An Interview with STMA Turf Management Winners
Each year, the Sports Turf Managers Association (STMA) honors the best members of their organization. Working in turf management can be a thankless job, so the STMA does their part to highlight greatness in their field. Stadium Journey got a chance to talk to three of this year’s winners from minor league baseball: Matt Parrott, the Triple-A winner from the Charlotte Knights; Mike Williams, the Single-A winner from the Charleston RiverDogs; and Ryan Olszewski, the Short Season winner from the Mahoning Valley Scrappers.
Stadium Journey (SJ): How long have you been a Sports Turf Manager? How did you get started in the business?
Matt Parrott (MP): I obtained a business degree from Appalachian State University and decided I didn’t want to spend my career in an office. Upon graduation, I enrolled at NC State University in the 2-year turf management program, thinking I would go into the golf industry. I decided to do an internship with a minor league baseball team instead, and everything fell into place from there. 2017 was my 17th season working in Minor League Baseball, and my 16th season as a Head Groundskeeper.
Mike Williams (MW): I have been doing this professionally since 1993, but I began working on baseball fields when I was 7 years old…that was 1973.
Ryan Olszewski (RO): I have been in the ‘biz’ for 7 years now. I started with the Akron Aeros (now Rubberducks) as an intern in March 2011 and worked my way up over 4 years until I was the Assistant Director of Operations and Assistant Groundskeeper. After my fourth year with Akron, I was offered the Head Groundskeeper, Assistant Director of Operations position with the Mahoning Valley Scrappers at Eastwood Field and have been with them for the last 3 seasons.
SJ: What does your job look like during the offseason?
MP: It is much different now that I am working in Charlotte. The climate during the off season is much milder that the climate in Maryland, where I worked for 13 seasons. In Maryland we typically shut down all on field maintenance in mid-November and start back up until early March. Our maintenance season in Charlotte can go well into December and we typically try to start back on the field in early February.
In Charlotte, we have the luxury of a well-equipped shop, which allows us to do a significant portion of our equipment maintenance during our slower winter months. Though the hours are not as long in the off season, we typically still work a standard 40 hour week. Most of our outside work is geared toward getting the field ready to open back up in the spring, as our college baseball schedule starts the first week of March. The weather is much more predictable in the fall than in the early spring; therefore, the more projects we can get done, the easier it is to open the field back up in the spring.

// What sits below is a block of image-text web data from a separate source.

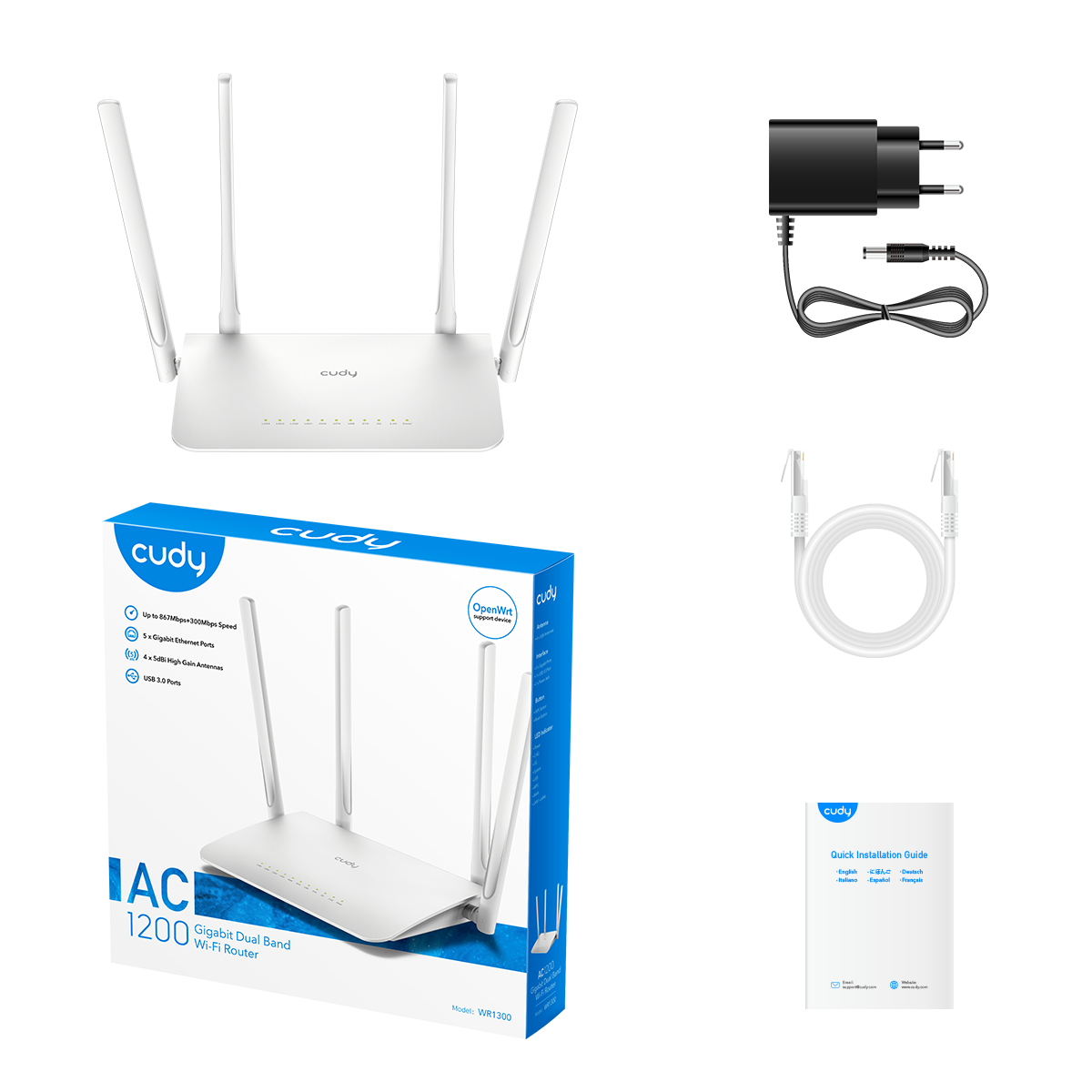 Enrutador Wi-Fi de malla Gigabit AC1200, WR1300 2.0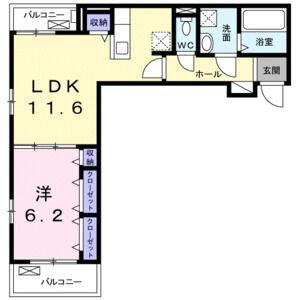 1LDK 間取り図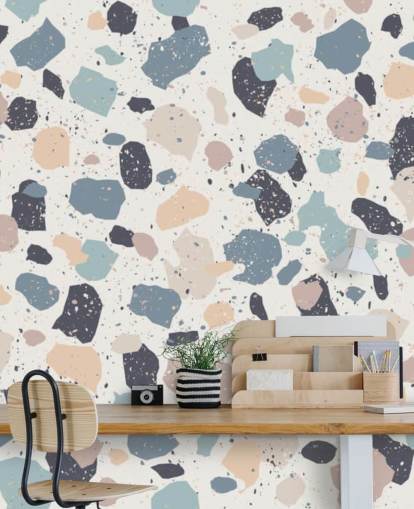 Carta da parati terrazzo rosa pastello, blu navy, beige Carta da parati terrazzo rosa pastello, blu navy, beige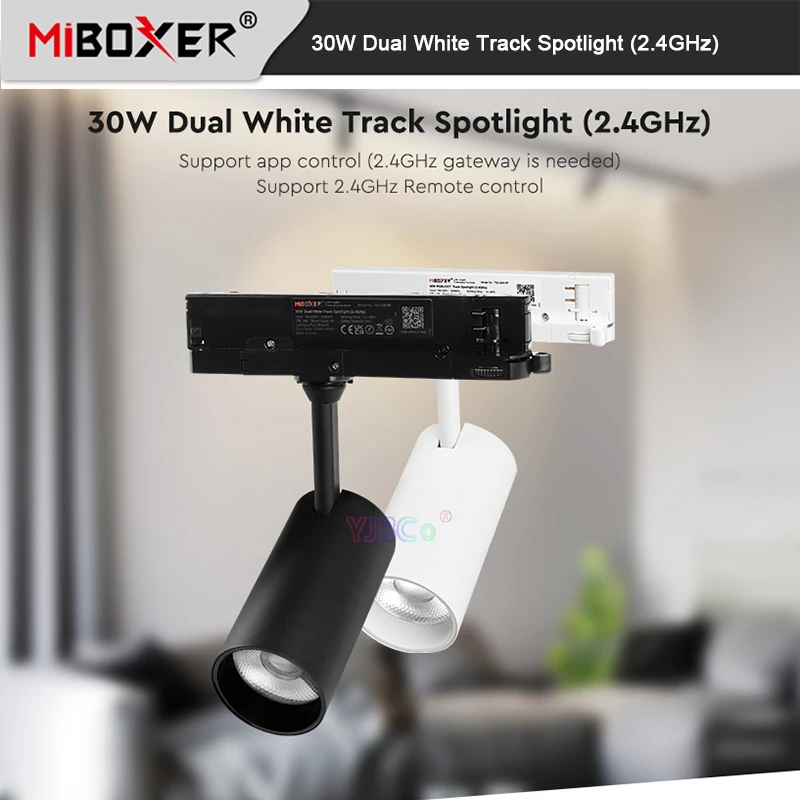 Miboxer 2.4G 30W Dual White Track Light CCT Ceiling brightness adjustable LED Spotlight lamp 110V 220V AC 2.4G RF remote control
Miboxer 2.4G 30W Dual White Track Light CCT Ceiling brightness adjustable LED Spotlight lamp 110V 220V AC 2.4G RF remote control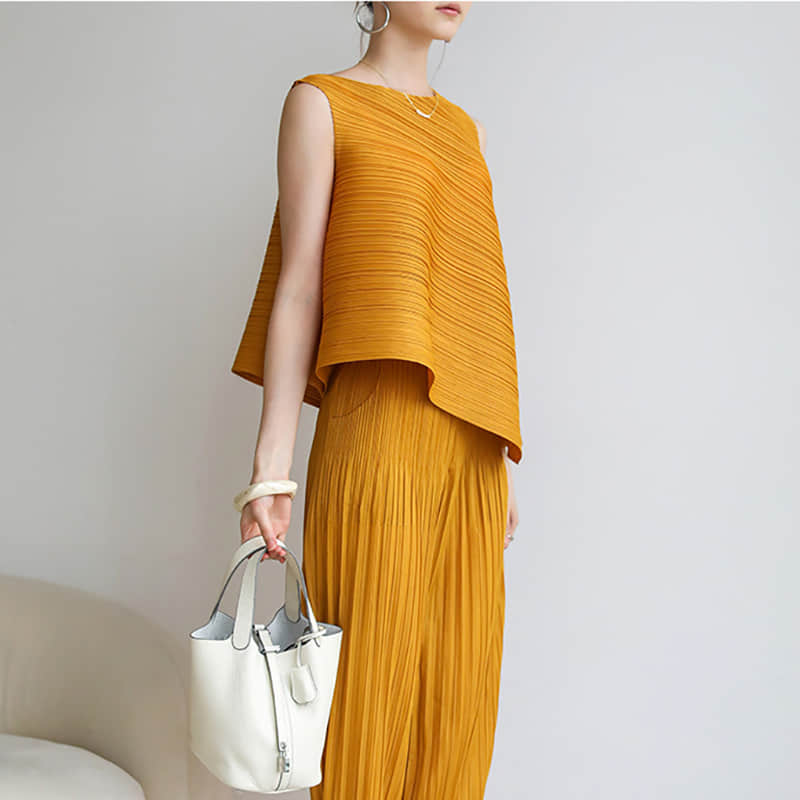 Fashion and simple temperament sleeveless round neck top T-shirt  | IFAUN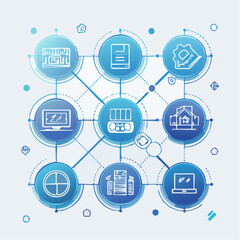 Concept of financial data network, digital information analysis and global technology systems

Much of my other time is spent working on inventory and purchasing for the coming season, and hiring staff for the upcoming season.
My assistant and I also use this time to take longer vacations with our families and attend industry educational events.
MW: There really is no offseason. I have never had any down time here at Joseph P. Riley Jr. Park, or what would be considered normal. There is only about 8 weeks where the field is not used during November and December, but I am still working on the field and mowing due to the Climate.
RO: My offseason starts in mid-late November after the field is put to bed. While I make sure to take some well-deserved vacation time and put in the necessary time planning for the next season, I also help operate our seasonal merchandise store and have been known to help with season ticket renewal calls.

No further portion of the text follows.